Chun ping Wang Chun ping Wang - 6 months ago 20
MySQL Question

Query results with consecutive duplicates remove

Hi i want to know how to remove consecutive duplicates from a query results based on single column. In this case null means they didn't want to buy anything so they click back button. I want history of changes of items from buyer, with earliest buying info.

select item, buyer, buy_date
from item order by buy_date

item buyer buy_date
null Sam 04/24/2016
Lipstick Anna 05/31/2016
Charger Tim 06/01/2016
Charger James 06/03/2016
null Tim 06/03/2016
null James 06/04/2016
Nail Polish Sarah 06/04/2016


Here is sample of test results.

Now my new results should be

item buyer buy_date
null Sam 04/24/2016
Lipstick Anna 05/31/2016
Charger Tim 06/01/2016
null Tim 06/03/2016
Nail Polish Sarah 06/04/2016


Keep only the first of the consecutive duplicates. I am not deleting any record. I am just filtering out the results so that consecutive duplicates are remove.


  1. How would I do this in generic ANSI-SQL?

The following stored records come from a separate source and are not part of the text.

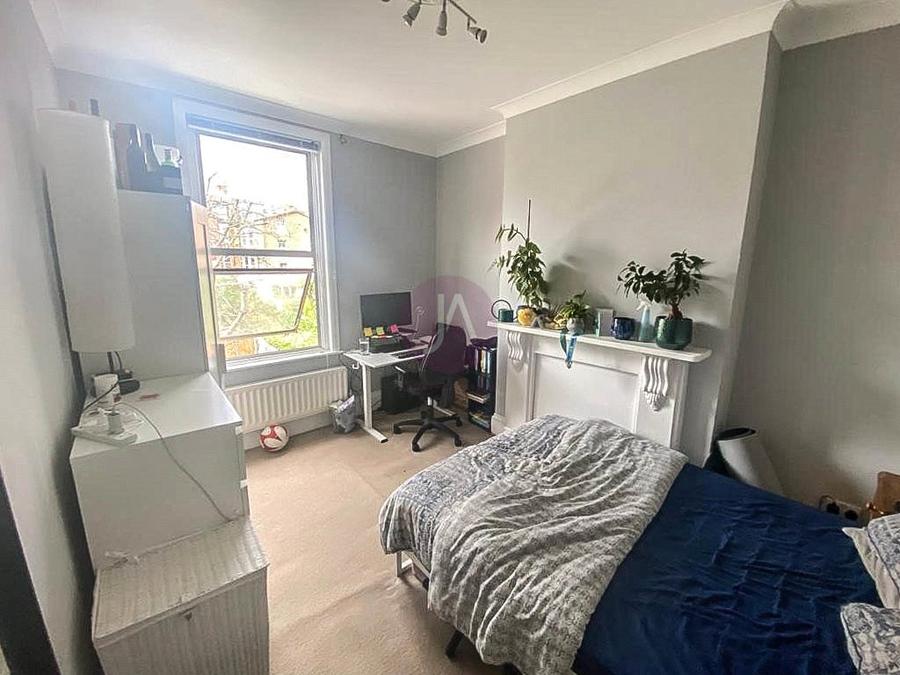 4 bedroom Flat, Maisonette to rent in Mill Lane-view11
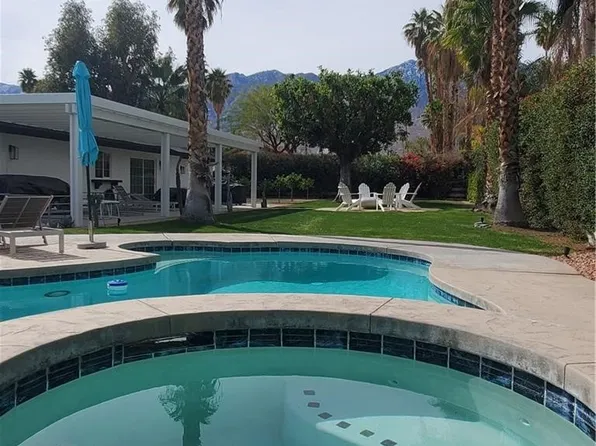 3180 E Escoba Dr, Palm Springs, CA 92264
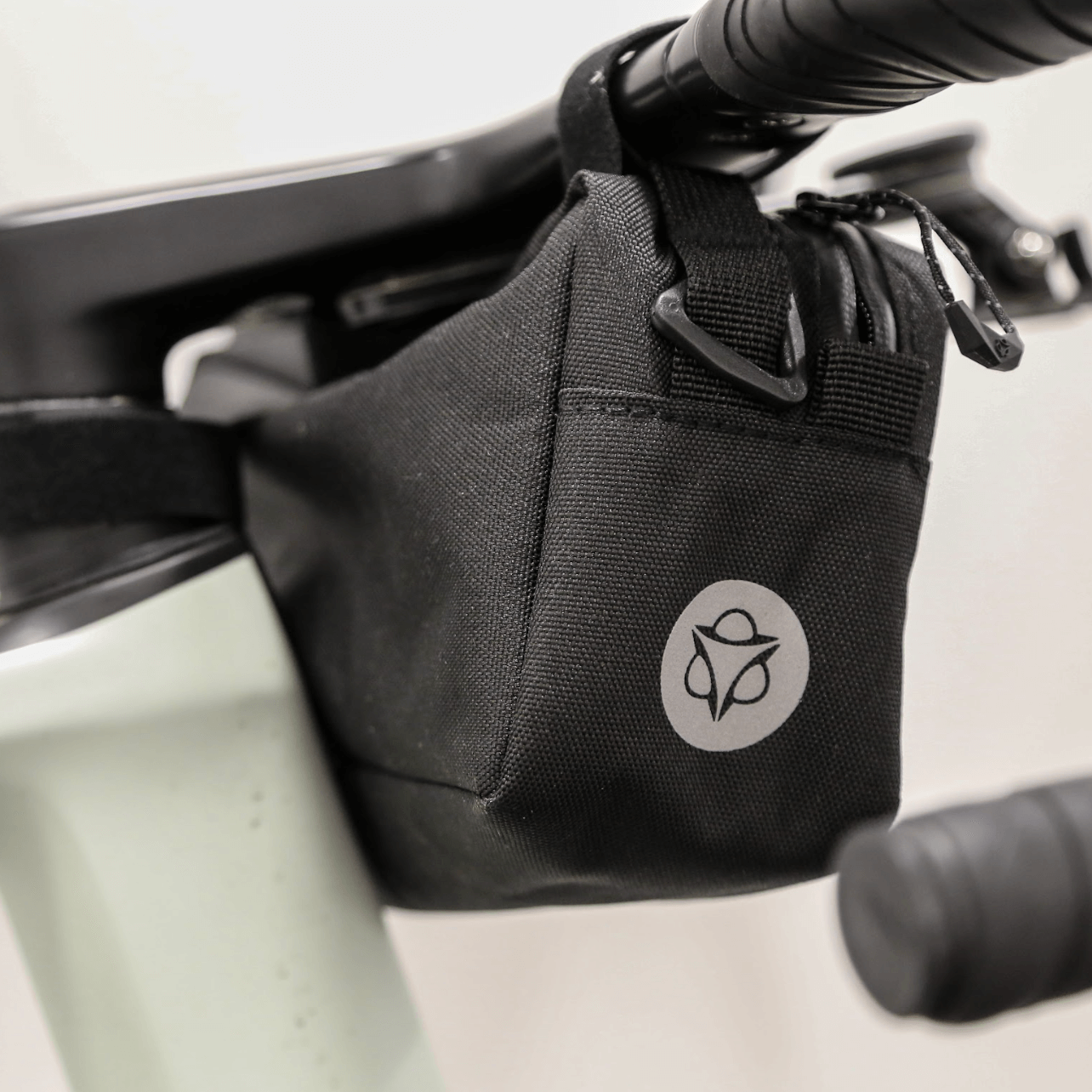 GCN x AGU Cycling Handlebar Bag 5 GCN x AGU Cycling Handlebar Bag
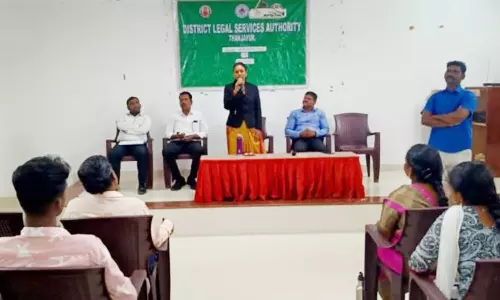 மாணவர்கள் படிப்பில் கவனம் செலுத்தி முன்னேற வேண்டும்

  2. If it is not possible, is there way to do it in the three major SQL vendor?


Answer

You can do this with ANSI standard window functions. One method uses lag() to get the previous item. It then sums up the number of times when the item changes and uses this information to find the first row in each group:

select r.*
from (select r.*, row_number() over (partition by grp order by date) as seqnum
      from (select r.*,
                   sum(case when prev_item = item then 0 else 1 end) over (order by buy_date) as grp
            from (select r.*, lag(item) over (order by buy_date) as prev_item
                  from results r
                 ) r
           ) r
     ) r
where seqnum = 1;

Hmmm. I overthought that one. You only need lag():

select r.*
from (select r.*, lag(item) over (order by buy_date) as prev_item
      from results r
     ) r
where prev_item is null or prev_item <> item;